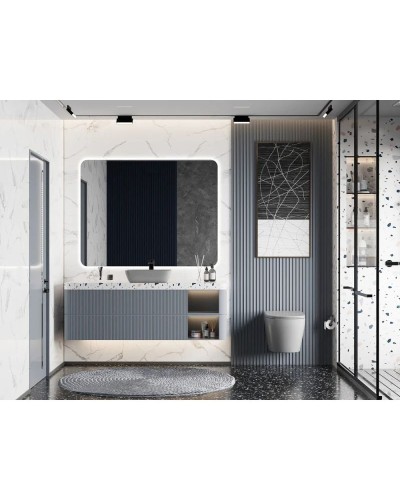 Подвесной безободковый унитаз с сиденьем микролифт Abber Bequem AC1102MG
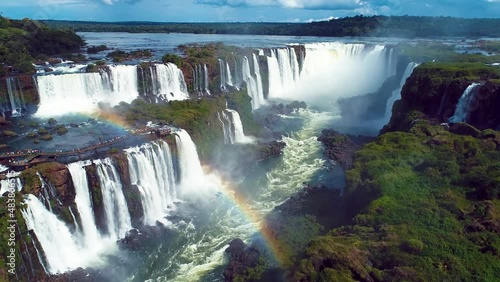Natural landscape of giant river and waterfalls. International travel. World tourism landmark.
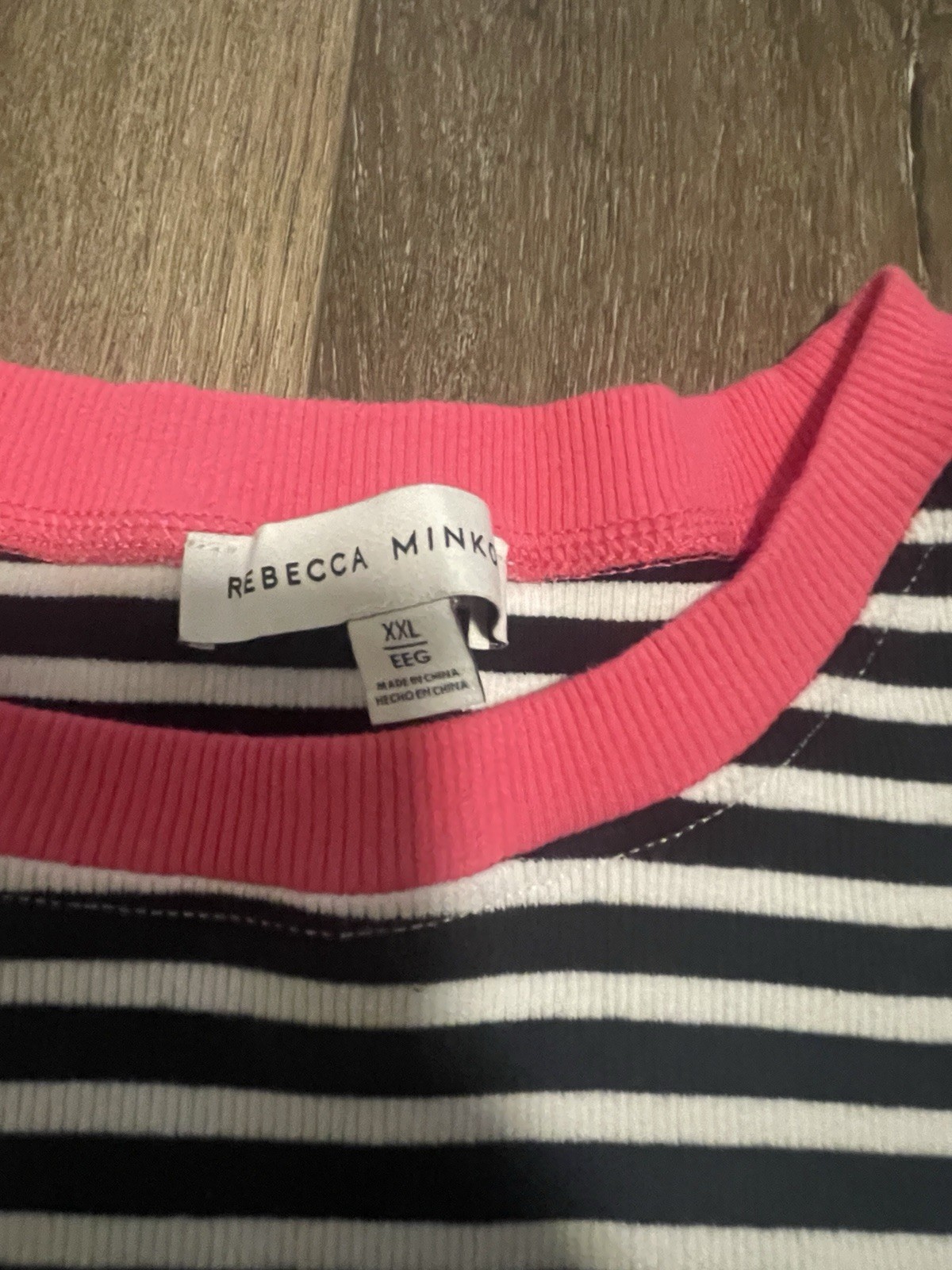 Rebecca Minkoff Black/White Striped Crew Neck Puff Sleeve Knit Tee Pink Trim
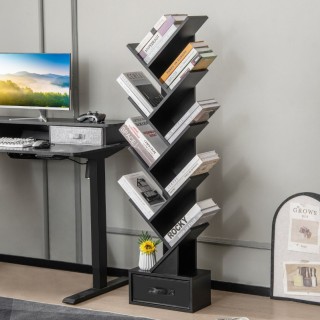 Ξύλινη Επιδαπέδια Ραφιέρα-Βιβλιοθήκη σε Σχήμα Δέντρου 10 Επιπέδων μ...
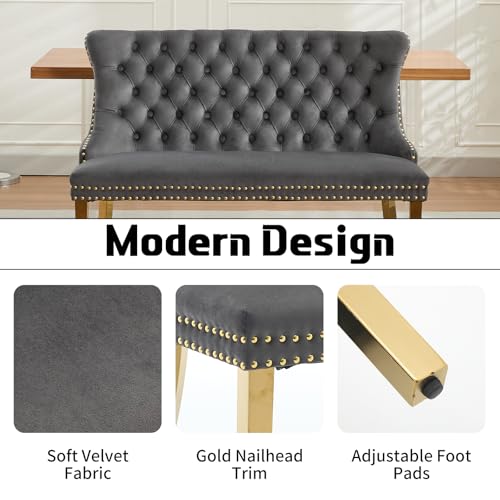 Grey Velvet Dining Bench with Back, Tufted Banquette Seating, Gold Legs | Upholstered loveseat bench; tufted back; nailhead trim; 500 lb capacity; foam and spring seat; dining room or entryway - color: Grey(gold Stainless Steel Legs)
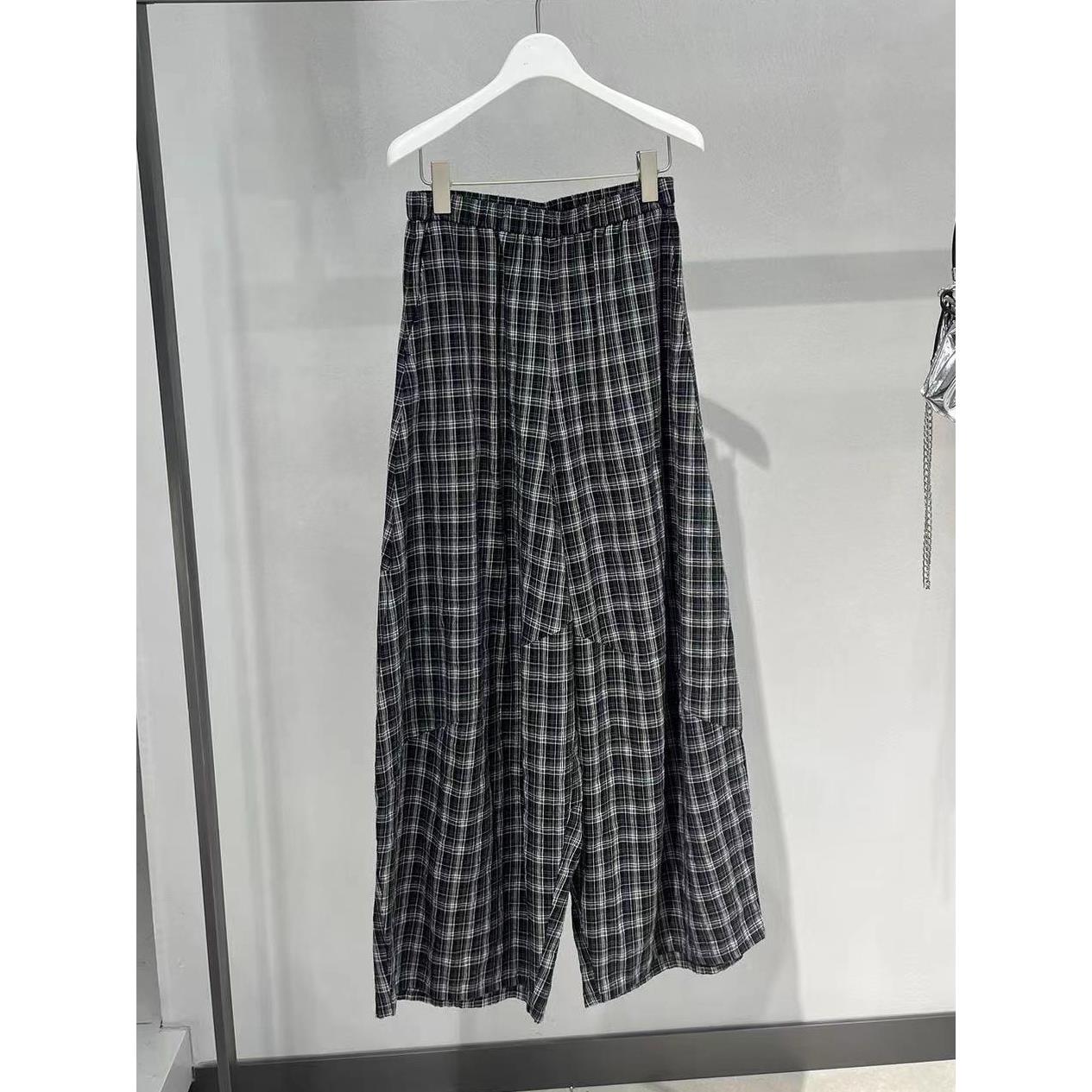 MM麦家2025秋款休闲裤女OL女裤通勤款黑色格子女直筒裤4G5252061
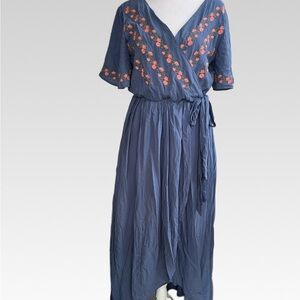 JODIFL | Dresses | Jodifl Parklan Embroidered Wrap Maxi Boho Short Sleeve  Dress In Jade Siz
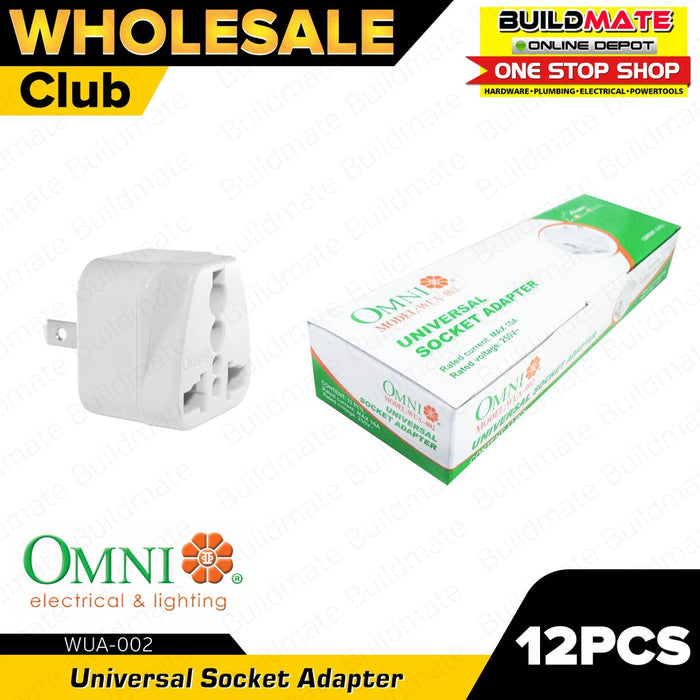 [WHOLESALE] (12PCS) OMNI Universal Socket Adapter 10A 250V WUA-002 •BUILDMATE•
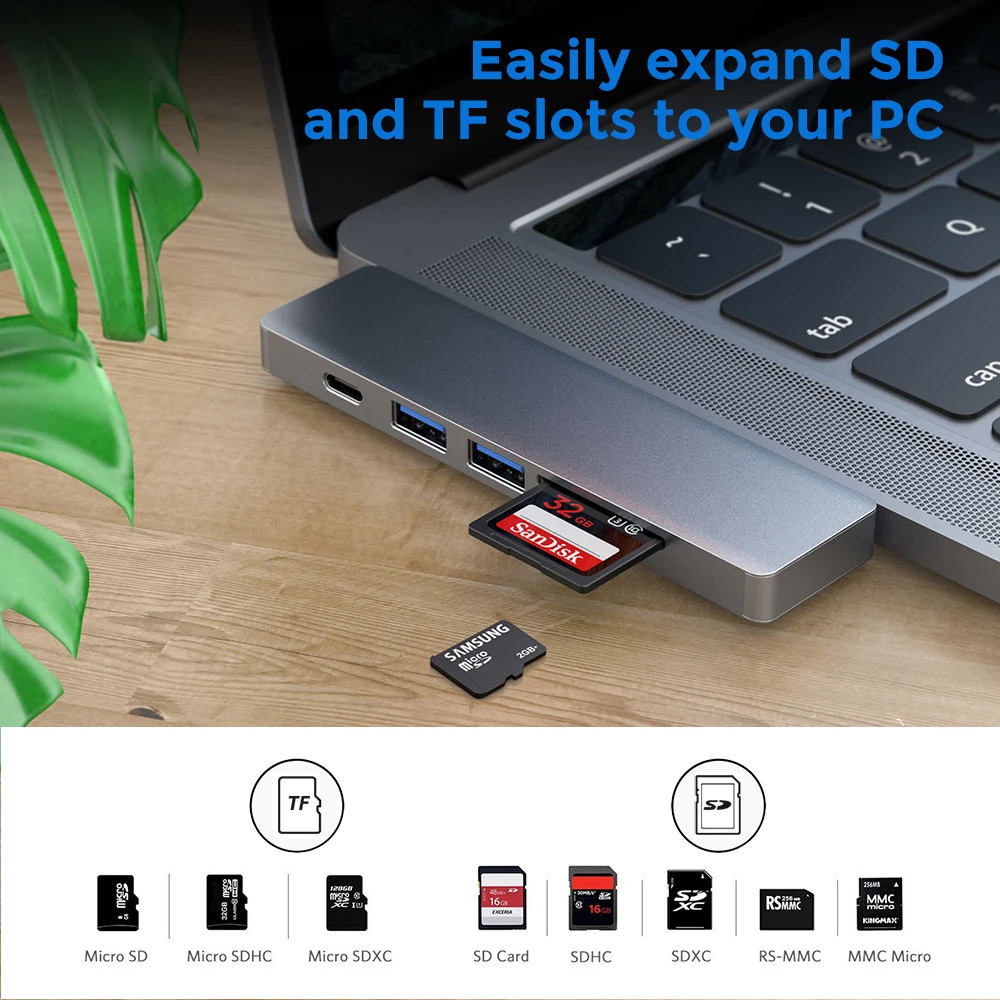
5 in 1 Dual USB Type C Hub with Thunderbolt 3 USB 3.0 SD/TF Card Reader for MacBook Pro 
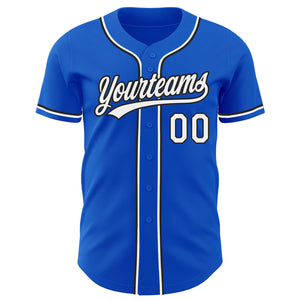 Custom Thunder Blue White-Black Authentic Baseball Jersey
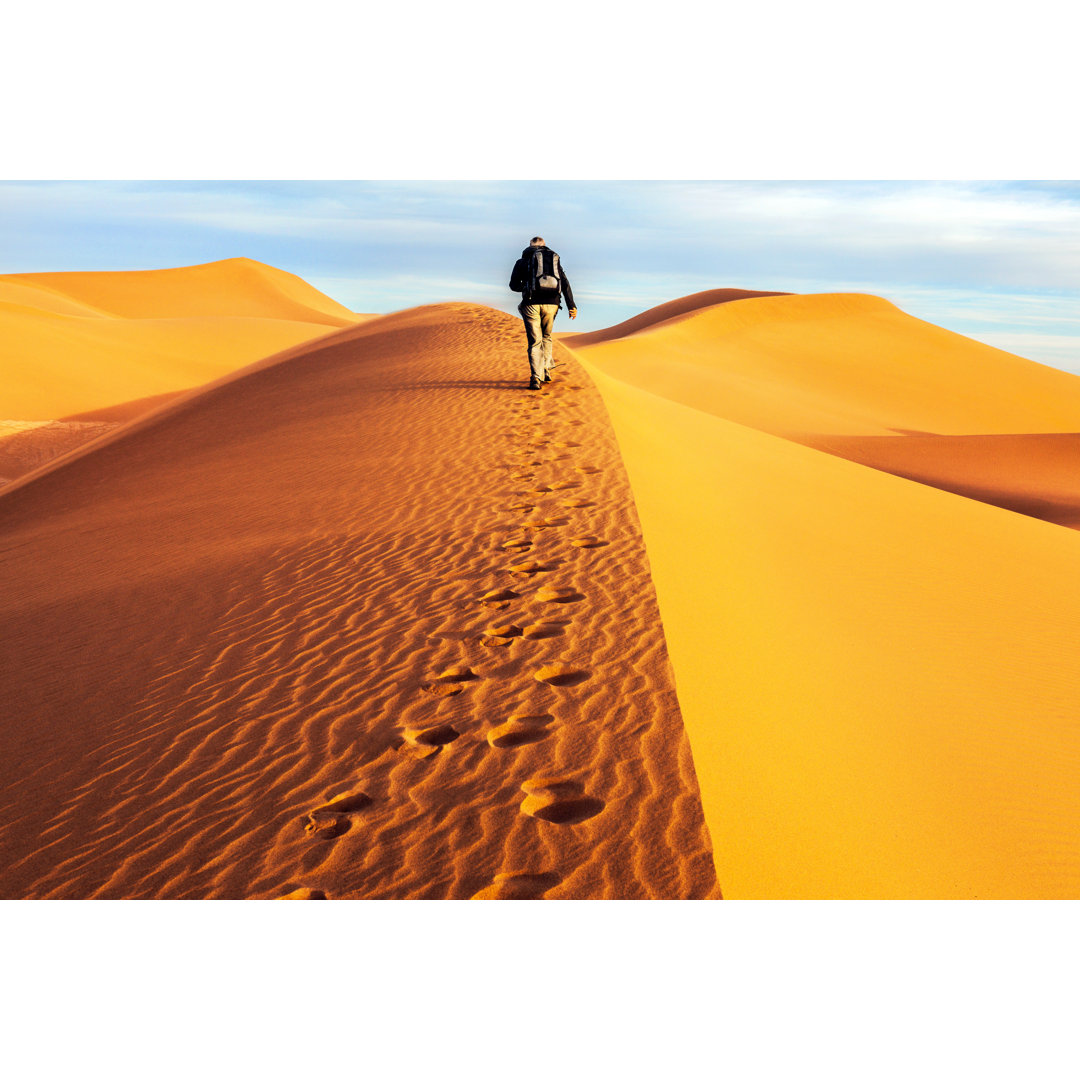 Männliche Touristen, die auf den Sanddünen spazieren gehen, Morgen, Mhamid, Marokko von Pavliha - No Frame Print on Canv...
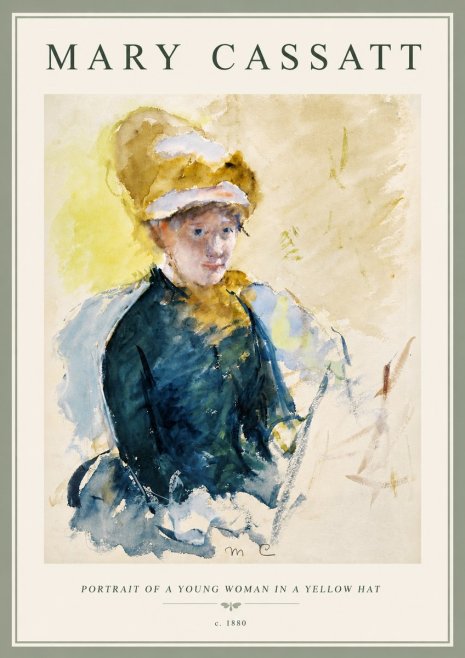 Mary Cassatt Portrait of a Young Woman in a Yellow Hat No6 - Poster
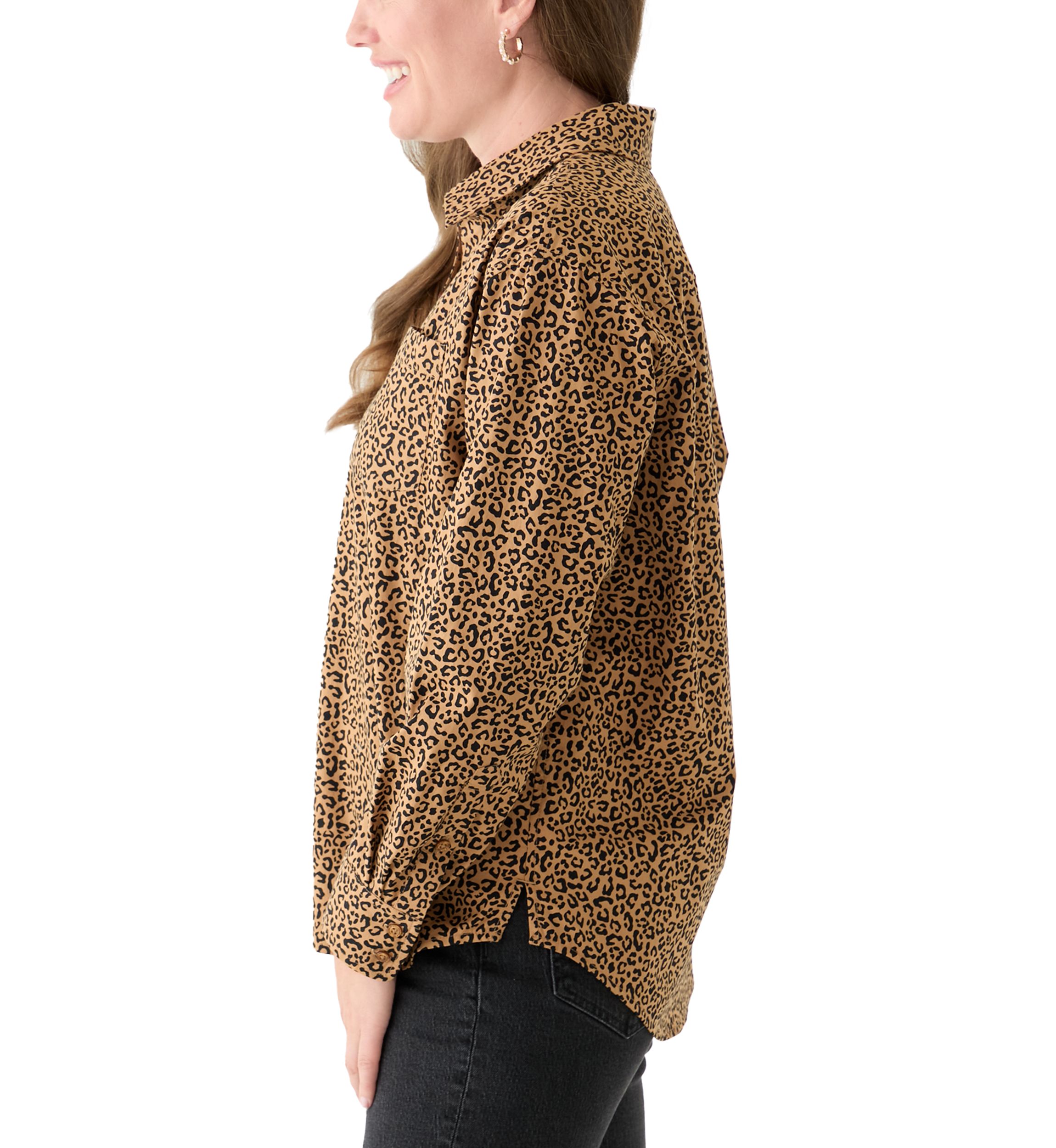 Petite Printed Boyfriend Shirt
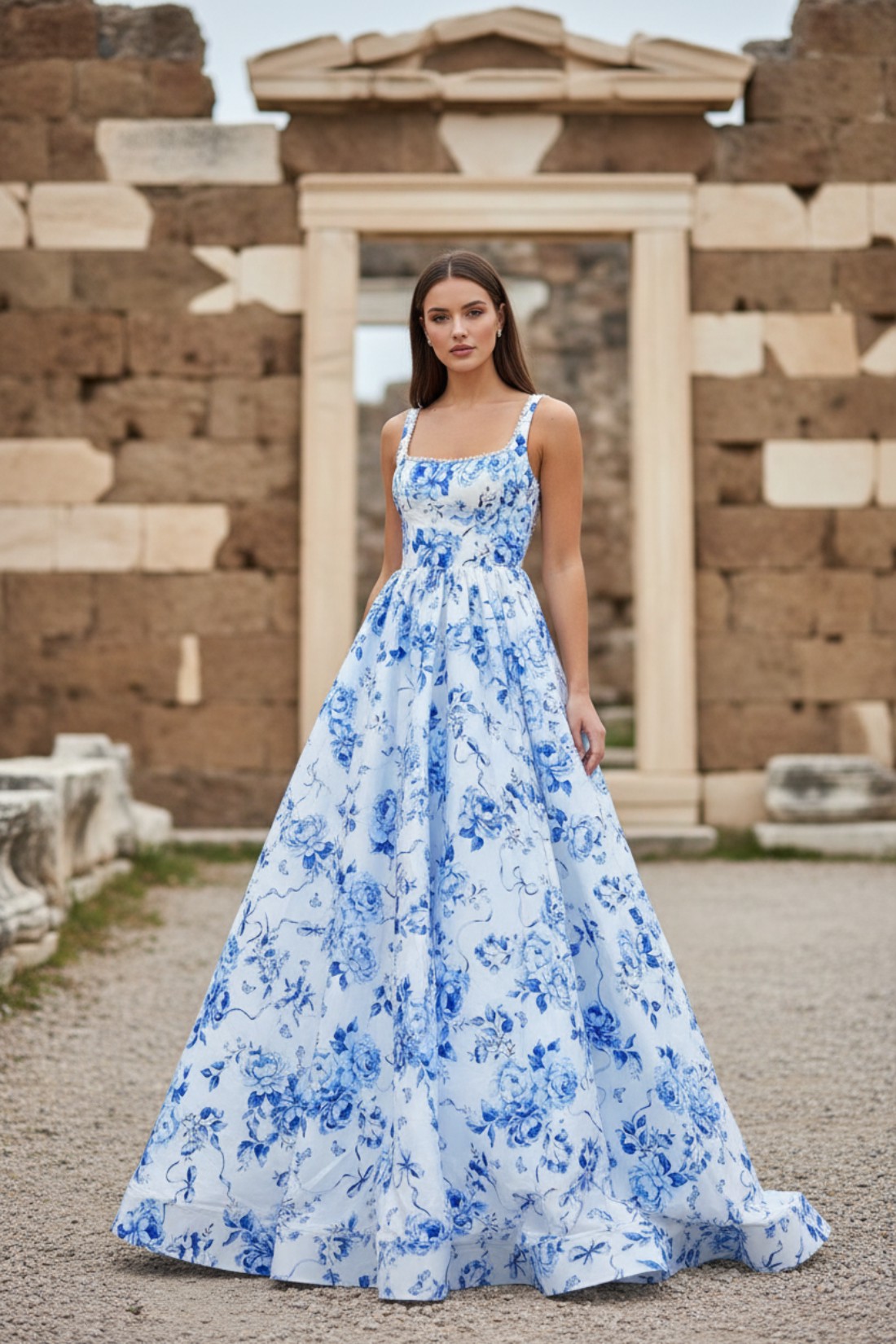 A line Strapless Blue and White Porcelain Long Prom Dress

————

:: WORK TO BE COMPLETED ::
Repeat only the lines from the line with "Custom Thunder Blue" to the end of the entries, including both the first and the last line, and drop every picture.

:: COMPLETED TASK ::
 Custom Thunder Blue White-Black Authentic Baseball Jersey
 Männliche Touristen, die auf den Sanddünen spazieren gehen, Morgen, Mhamid, Marokko von Pavliha - No Frame Print on Canv...
 Mary Cassatt Portrait of a Young Woman in a Yellow Hat No6 - Poster
 Petite Printed Boyfriend Shirt
 A line Strapless Blue and White Porcelain Long Prom Dress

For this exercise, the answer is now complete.